2. Forget bargaining power, because it doesn't give you the sticky money wages you need to make your argument work. Let's just assume that money wages are sticky, for some unknown reason. And let's take a standard Keynesian (ISLM) theory of the AD curve, but modify it by assuming that the marginal propensity to consume out of wage income is greater than the mpc out of non-wage income. That modification will tend to make the AD curve flatter. (The reason is that a rise in P, for given W, and given Y, changes the distribution of income away from workers and so reduces consumption demand, and hence reduces aggregate demand). But in that model your conclusions still do not follow from your assumptions. A looser monetary policy will shift the AD curve right, and it will increase output, the price level, real income, employment, and increase real wage income, even though it reduces real wages *per hour* (W/P). To get your intuition straight on this you need to carefully distinguish between real wages per hour, and real wage income (=(W/P) times employment). Consumption (in your model) depends on real wage income, rather than real wages.

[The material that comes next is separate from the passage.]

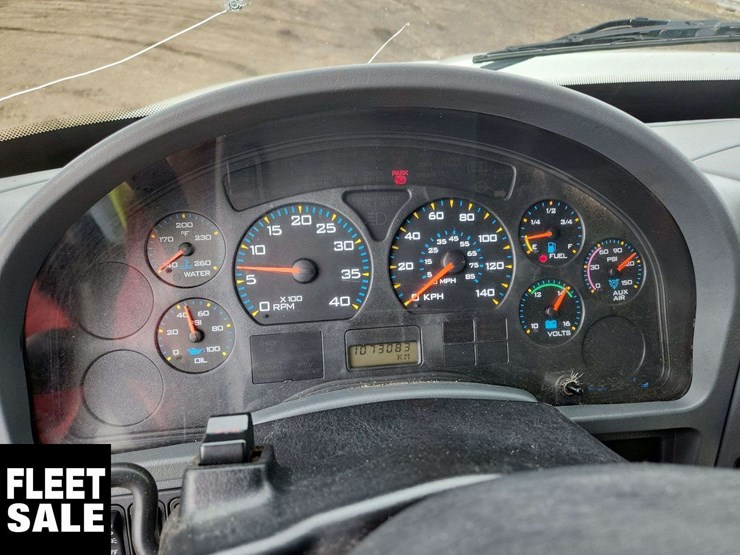 2004-international-durastar-4300-image-39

i (not an economist) always thought that the reason "inflation" (as in an expectably nominally larger economy over time) is good is to avoid artificial rigidities that occur around sticky prices. menu costs go up, and that's annoying, but that's the downside.

A further thought, Alex. Macro is hard. I like to think I'm quite good at converting verbal reasoning into graphs and vice versa and seeing if it really makes sense. But when I did the first draft of my comment above, I screwed it up.(I had your mpc assumption making the AD curve steeper, rather than flatter.) Fortunately I realised this just before I posted it, and fixed my mistake.

We are talking about a simultaneous system where everything depends on everything else. And words sometimes just don't do the job.

Now, if I played around with your model, I could even make the AD curve very flat, and flatter than the SRAS curve. Which would give really weird results, because (I think) you would actually have to tighten monetary policy (reduce the money supply) to increase output and employment in that model. And that model would actually make your verbal reasoning correct. Except, that model has an unstable equilibrium, so none of those weird results make any sense at all. Because we wouldn't get to the new equilibrium.